AMS Ads and Value of Customer

First, the AMS Ads for Authors book is rolling out of KU in approximately a week, so if you think you might want to borrow it, do so now or forever hold your peace. And sorry for not posting on Wednesday.  I had jury duty and almost did a post on Thursday about how that experience always reminds me how not-normal I am but then couldn’t figure out how to write the post without sounding like an ass. So sorry about that.

Okay, now that that’s out of the way.  I’m currently working on a series of Excel guides and one is going to be for self-published authors. One of the calculations in there is a simple calculation of how much a new customer should be worth to you assuming you have a series and know what your read through rates are at your current prices.

(As with most things, the calculation is a more simplified version of something that’s far more complex than it looks.  For example, my read through rates are different for purchases versus borrows and for when I run a 99 cent promotion versus when I’m not running a promotion.  But some of that nuance you can’t even calculate because who knows if today’s sale of book 2 is from someone who just bought book 1 or if it’s from someone who bought book 1 during that promo six months ago.)

The value of customer calculation is crucial to anyone doing advertising.  Because if you limit yourself to what you’ll make back on that one book you’re advertising, you’re not going to spend as much as you could and you’ll miss out on potential sales.  Especially if you have a 99 cent or free series starter.

For example, AMS just billed me about $500 for the last two weeks and, as I do every time they bill me, I crunched the numbers for each book I was advertising to see if I was profitable on my ads for that period.  On the romance side I have two novels in a related series.  On the fantasy side I have three novels in a related series.  If I had just looked at the ad cost for book 1 for those two series, I would’ve concluded I was unprofitable for this period and possibly shut the ads down. (No one wants to spend $500 in two weeks and not make money off of it. That gets expensive fast.)

But when I factor in sales and page reads of the later books in the series, it turns out that both series made more money than I spent on advertising.  Which means those ads are worth continuing.

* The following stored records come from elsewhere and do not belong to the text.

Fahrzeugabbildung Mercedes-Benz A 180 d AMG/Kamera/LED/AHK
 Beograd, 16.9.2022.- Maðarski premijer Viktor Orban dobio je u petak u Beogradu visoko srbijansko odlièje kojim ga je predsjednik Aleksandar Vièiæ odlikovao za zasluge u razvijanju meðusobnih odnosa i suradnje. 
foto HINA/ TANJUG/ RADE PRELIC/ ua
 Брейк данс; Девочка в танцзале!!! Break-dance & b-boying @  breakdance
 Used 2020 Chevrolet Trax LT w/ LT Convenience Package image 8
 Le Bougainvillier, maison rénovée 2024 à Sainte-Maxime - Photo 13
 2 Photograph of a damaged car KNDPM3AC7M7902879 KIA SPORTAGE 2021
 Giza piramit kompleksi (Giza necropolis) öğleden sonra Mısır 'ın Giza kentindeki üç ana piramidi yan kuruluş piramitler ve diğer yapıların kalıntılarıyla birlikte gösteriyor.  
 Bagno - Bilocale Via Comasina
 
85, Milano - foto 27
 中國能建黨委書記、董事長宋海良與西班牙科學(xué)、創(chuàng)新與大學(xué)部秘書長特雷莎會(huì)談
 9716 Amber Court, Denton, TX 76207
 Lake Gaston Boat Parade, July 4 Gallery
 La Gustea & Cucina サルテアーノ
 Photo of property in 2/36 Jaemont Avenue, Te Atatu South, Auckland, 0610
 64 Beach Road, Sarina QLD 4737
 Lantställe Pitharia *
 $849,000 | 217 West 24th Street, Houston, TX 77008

So how do you get that number?  How do you calculate the value of a customer.

The rough version is this:

Add together the following:

Book 1: Sales price * payout percent (So basically what you net for a sale)

Book 2: Sales price of book 2 * payout percent * (number of book 2 sales/number of book 1 sales) (So basically x% of what you net for a sale of book 2 where x% is based on how many people go on to buy book 2 after buyung book 1)

Book 3: Sales price of book 3 * payout percent * (number of book 3 sales/number of book 1 sales) (So basically y% of what you net for a sale of book 3 where y% is based on how many people who buy book 1 also buy book 3)

And so on and so on.

So if you’re selling on Amazon and have a book 1 at 99 cents and books 2 and 3 are at $2.99 and 50% of the people who read book 1 read book 2 and 50% of those read book 3 then:


Instead of trying to limit your ad spend to 34 cents you can actually spend up to $1.91 to acquire a new customer and still be profitable.  That’s a big difference if you think about it.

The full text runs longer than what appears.